I also got very tired of fighting Majima. Man, so many fights and I never got to the S rankings. I loved the inside jokes - the photo booth one, for example, made me chuckle - but fighting him 3 consecutive times was just too much. I get it already. Enough padding.

I really dug the world and what they did with essentially a couple of big city blocks. It's not afraid to be silly and just entertain. I'll be back for the Yakuza Kawami 2 or Yakuza 0 sometime soon. Not sure which one I'll try next.

I also finished up The Medium on GamePass. I really liked it. It's essentially a puzzle game with a creepy/horror-like story. It's on the correct side of that balance for me, pushing more towards creepy than straight up horror. I think I liked it because it never gets too complicated. The puzzles are there but don't push back too hard, allowing the game to have momentum, especially during the middle third. That kept me playing when I typically would have run off and played something else.

Spoiler:

I don't think I liked the ending. It's too open. I don't know if I mind that it was very, very left up to interpretation. I think I disliked it because the payoff kind of sucked in that there wasn't one.

I started Bowser's Fury on Thursday after hearing Amoebic talking about it on this week's GWJCC. I 100%'d it this morning. And then I restarted and 100%'d it again. Knowing where everything is made the whole thing much shorter.

I had a blast. The platforming is good, the puzzles are fun, the running and jumping and riding the friendly aquatic beast are all excellent, and fighting a gigantic version of Bowser as a kaiju-sized Mario was pretty fun too!

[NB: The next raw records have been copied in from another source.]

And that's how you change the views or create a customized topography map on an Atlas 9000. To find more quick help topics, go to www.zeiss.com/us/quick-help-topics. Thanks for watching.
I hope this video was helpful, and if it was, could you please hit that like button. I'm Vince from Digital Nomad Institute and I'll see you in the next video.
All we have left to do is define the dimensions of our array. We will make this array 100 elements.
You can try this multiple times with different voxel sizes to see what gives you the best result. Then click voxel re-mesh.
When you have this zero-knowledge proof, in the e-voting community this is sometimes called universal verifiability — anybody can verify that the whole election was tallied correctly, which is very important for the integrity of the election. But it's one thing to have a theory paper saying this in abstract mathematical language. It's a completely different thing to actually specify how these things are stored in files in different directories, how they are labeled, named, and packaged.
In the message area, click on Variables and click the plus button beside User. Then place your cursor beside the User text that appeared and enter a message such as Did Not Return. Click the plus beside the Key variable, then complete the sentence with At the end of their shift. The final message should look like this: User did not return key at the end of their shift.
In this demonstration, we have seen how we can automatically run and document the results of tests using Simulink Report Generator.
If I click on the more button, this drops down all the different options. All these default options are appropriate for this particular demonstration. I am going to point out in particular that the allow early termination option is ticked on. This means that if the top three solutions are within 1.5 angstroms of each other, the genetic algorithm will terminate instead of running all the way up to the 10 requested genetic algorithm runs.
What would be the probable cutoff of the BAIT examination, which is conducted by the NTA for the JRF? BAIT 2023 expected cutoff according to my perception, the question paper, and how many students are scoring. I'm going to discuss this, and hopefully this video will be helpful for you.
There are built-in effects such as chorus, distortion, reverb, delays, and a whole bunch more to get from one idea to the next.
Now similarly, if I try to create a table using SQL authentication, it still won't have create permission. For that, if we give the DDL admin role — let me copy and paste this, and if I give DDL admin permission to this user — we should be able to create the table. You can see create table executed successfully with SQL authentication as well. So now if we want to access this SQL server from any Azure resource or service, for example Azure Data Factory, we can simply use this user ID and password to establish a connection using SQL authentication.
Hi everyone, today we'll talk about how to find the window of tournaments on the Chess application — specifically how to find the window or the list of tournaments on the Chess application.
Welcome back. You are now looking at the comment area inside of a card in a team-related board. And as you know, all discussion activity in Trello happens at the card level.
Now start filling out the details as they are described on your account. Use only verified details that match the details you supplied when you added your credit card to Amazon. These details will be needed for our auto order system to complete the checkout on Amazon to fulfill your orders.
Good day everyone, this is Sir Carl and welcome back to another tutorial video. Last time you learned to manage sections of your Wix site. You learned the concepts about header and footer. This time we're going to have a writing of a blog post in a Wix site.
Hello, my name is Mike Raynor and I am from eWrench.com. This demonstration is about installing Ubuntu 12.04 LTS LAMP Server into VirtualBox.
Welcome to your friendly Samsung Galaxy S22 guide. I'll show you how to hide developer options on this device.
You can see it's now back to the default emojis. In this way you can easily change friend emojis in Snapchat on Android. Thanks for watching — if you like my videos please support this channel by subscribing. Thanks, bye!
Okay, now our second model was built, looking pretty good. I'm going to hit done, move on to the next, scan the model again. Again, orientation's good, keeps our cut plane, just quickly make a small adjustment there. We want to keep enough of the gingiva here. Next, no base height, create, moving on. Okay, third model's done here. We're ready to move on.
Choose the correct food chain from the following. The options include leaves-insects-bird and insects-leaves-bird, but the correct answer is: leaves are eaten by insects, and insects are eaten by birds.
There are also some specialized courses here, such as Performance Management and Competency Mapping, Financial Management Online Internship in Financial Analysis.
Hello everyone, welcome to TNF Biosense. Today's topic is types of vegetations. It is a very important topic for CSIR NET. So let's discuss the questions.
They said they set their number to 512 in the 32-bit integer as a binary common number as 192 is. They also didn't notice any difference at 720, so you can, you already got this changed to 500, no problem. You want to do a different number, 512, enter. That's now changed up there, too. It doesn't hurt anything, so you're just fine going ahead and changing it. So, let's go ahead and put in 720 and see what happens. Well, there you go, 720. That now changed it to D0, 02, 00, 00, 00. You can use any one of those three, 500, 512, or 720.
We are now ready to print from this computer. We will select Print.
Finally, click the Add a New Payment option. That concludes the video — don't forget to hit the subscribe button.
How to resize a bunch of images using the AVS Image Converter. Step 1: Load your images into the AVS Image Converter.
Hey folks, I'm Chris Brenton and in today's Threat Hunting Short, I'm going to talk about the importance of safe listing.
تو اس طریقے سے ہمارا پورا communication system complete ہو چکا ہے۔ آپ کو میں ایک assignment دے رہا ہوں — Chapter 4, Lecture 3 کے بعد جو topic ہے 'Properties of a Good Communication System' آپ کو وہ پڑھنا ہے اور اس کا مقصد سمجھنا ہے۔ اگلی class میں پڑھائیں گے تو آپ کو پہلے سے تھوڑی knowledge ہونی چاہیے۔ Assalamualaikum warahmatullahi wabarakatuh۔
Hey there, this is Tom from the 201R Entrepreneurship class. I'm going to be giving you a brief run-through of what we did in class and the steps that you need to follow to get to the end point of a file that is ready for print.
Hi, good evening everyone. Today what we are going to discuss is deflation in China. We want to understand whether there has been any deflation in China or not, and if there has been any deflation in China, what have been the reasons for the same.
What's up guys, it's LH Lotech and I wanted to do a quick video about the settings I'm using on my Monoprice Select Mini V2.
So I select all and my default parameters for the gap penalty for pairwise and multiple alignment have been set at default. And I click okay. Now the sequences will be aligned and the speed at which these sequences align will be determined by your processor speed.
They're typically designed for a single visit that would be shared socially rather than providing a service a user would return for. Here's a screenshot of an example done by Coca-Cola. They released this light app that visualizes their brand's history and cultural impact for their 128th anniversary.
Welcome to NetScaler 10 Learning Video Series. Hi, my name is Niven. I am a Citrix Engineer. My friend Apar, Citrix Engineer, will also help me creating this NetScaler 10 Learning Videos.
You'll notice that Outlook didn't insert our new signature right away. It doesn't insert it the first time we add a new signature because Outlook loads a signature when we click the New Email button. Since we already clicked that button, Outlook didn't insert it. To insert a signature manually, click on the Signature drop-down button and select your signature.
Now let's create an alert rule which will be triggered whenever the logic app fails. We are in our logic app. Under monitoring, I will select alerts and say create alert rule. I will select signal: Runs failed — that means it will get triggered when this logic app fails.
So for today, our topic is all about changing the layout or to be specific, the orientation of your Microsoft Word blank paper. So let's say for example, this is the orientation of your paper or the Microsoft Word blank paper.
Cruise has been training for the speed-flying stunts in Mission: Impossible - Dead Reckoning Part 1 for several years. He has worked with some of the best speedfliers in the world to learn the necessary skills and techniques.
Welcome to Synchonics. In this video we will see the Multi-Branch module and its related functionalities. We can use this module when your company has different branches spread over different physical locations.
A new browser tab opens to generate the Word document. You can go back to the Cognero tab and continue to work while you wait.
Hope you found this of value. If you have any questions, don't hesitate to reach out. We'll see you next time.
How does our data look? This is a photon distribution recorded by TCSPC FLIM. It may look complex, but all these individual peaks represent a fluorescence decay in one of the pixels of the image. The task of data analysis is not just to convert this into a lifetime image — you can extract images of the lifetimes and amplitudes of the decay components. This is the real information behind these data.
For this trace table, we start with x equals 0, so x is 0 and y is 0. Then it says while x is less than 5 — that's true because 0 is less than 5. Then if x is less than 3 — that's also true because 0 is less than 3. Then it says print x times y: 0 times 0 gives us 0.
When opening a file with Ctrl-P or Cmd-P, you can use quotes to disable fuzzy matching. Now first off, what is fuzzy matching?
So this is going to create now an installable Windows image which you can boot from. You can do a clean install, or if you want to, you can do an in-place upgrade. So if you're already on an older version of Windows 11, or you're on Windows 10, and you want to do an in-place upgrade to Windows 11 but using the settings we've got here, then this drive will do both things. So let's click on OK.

I bought the game on the Switch mostly so I could play 3D World with a friend of mine. It turns out the new content is just as good, if not better, than the original game!

I also finished Concrete Genie last night; it was one of the free PS+ games this month, but I'd had my eye on it for quite some time, because it looked gorgeous and it's about making things rather than killing things, which is a pretty effective sales pitch for me.

It's really a beautiful game - I can't underline that enough - and I love the fact that the central mechanics are "painting" and traversal. I put painting in quotes, because the graffiti you create is really the application of stickers. But some of your creations are "genies" that come to life after you choose parts - body, horns, ears, tail, etc. - and how to lay them out, so they've done quite a bit of work to get everything to work together. And then they did a great job of giving the genies character-filled animation, so it's lots of fun to see them running around on the walls of the town you're decorating, sometimes coming to your call to aid you with a particular puzzle. There's a tremendous amount of charm there.

Unfortunately though, they cave to conventionality and at the end a game that's been all about creation suddenly becomes a game about combat and hitting things. I was so disappointed when that turn came that I played through the first mini-boss battle and quit for the night. Finished it, through gritted teeth, the next day out of pure stubbornness; I'd put enough time in that I wanted to see it through to the end, but I can honestly say I didn't enjoy any of the game after that turn, although I suspect that's more of an issue for me than for most.

There are other issues with the game - the writing can be so on-the-nose it's insulting (did you know that all bullies are mean because they've had events in their past that made them sad? Well, this game will let you know that over and over, and it will also let you know that if you just say to them "I understand you're mean because you've been sad" they'll instantly become your best friend and want to play basketball with you, a message that would have had even my eight-year-old self say "How stupid are the people that wrote this game? And do they think I'm that stupid, too?"). And I found that frequently I couldn't figure out what to do to progress the game, even though at some point they clearly threw in the towel on communicating that in-game to the player and gave you a big "What Do I Do Next" button; not infrequently the text that gives you still isn't clear, and I'd have to stumble around the entire area repeatedly until I accidentally happened on the necessary trigger.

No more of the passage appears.